-- INFORMATION PROVIDED follows --

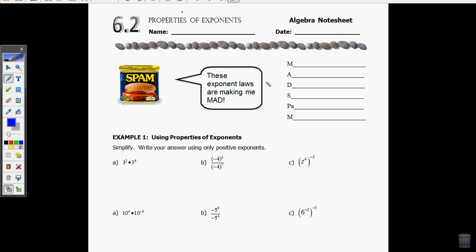Mom, you know I can't start my videos unless I have my chocolate milk! Thank you, Mom, for my chocolate milk. Alright, let's start this up. 6.2 Properties of Exponents.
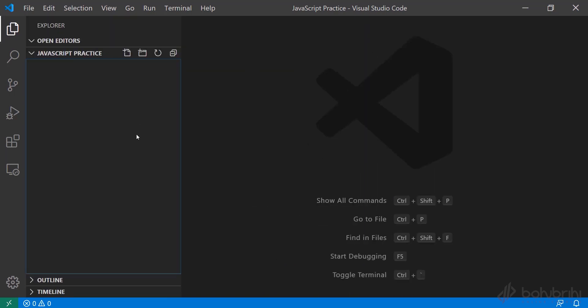We will add a new file. I will give my file the name index.html. Why do we use HTML? Because basically, JavaScript is written inside an HTML file.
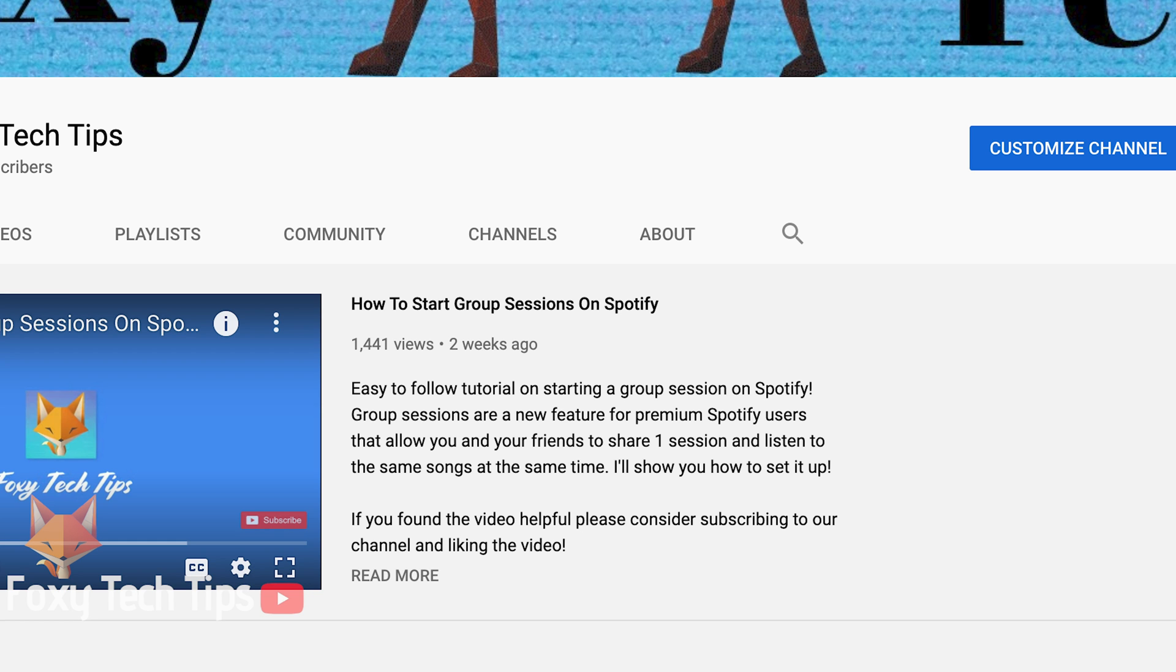And that draws an end to this tutorial. Please like the video if you found it helpful and subscribe to Foxy Tech Tips for more Mac tips and tricks.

-- INFORMATION PROVIDED concluded --

Transcribe all of the material exactly and leave out its pictures.

Mom, you know I can't start my videos unless I have my chocolate milk! Thank you, Mom, for my chocolate milk. Alright, let's start this up. 6.2 Properties of Exponents.
We will add a new file. I will give my file the name index.html. Why do we use HTML? Because basically, JavaScript is written inside an HTML file.
And that draws an end to this tutorial. Please like the video if you found it helpful and subscribe to Foxy Tech Tips for more Mac tips and tricks.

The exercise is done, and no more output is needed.